In another section, he has the audacity to question Trump’s mental fitness for office: “Clinton’s supporters feared that the election had been determined by people who were afraid of a rapidly developing ethnic diversity of the…country…They also worried about the mental instability of the president-elect and the anger that he & his supporters brought to the nation.”
“It was really, really surprising to me,” whistleblower Tarra Snyder commented on viewing Fraser’s text, which is intended to replace an older AP History text in classrooms across the nation next year. “I really believe that learning should be objective and that students can make their own decisions based on what they’re able to learn in a classroom and if the facts are skewed then students aren’t able to make well-rounded decisions on what they believe.”
Responding to Fraser’s claims that Trump supporters are mostly older white rural voters, Snyder said, “I really am surprised by that, I know the multitudes of people who are diverse and who do want to be represented, and when the Democratic Party…pushes them out of the frame, that’s what’s doing the Democratic Party harm because people do feel like they are being forgotten, not just white suburban people living out in the country.”
Snyder is correct in her assertions. Trump, in fact, garnered a higher percentage of African-American, Asian, and Hispanic votes than Republican candidate Mitt Romney did in 2012.
Fraser’s left-wing bias does not begin and end with President Trump. His text also contains a section on the officer-involved shooting of Michael Brown in Ferguson, Missouri and the Black Lives Matter movement which casts the police in a highly negative light. According to Fraser, Michael Brown’s parents “were kept away at gunpoint” after he was shot and “The nearly all-white police force was seen as an occupying army in the mostly African American town…the police increased the tensions, defacing memorials set up for Brown and using rubber bullets on demonstrators.”

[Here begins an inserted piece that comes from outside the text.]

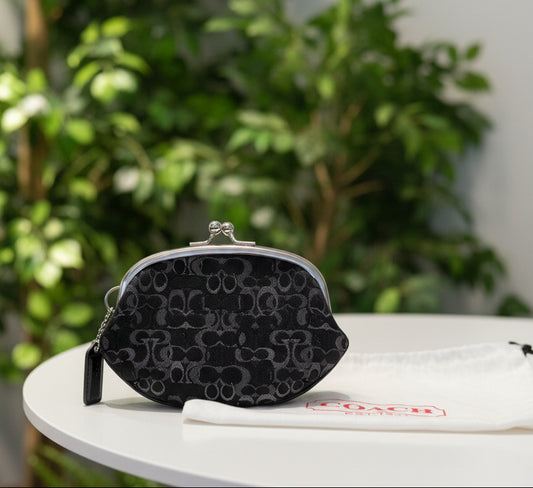 Coach Optic Kisslock Coin Pouch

Scott Overland, a spokesman for the Pearson publishing company, told Fox News that the text was “developed by an expert author and underwent rigorous peer review to ensure academic integrity.” He further asserted that it was “designed to convey college-level information to high school students” and “aims to promote debate and critical thinking by presenting multiple sides” of the 2016 election.

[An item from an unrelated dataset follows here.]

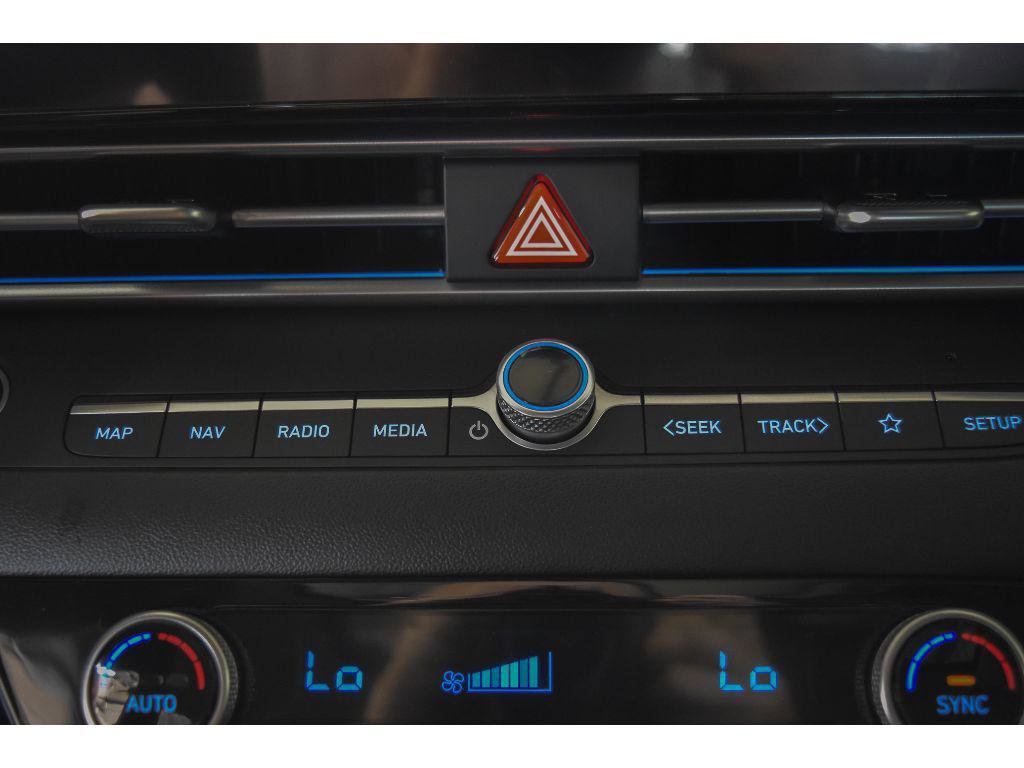 New 2025 Hyundai Elantra Limited image 73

Pearson Education’s defense of an obvious ideological left-wing smear campaign to discredit President Trump and his supporters in the eyes of American schoolchildren is ultimately even more disturbing than the content of Fraser’s text itself. The notion that a textbook this one-sided was reviewed by multiple academic historians in a “rigorous peer review” process and found to be not only acceptable but to promote “debate and critical thinking” should be cause for even greater concern.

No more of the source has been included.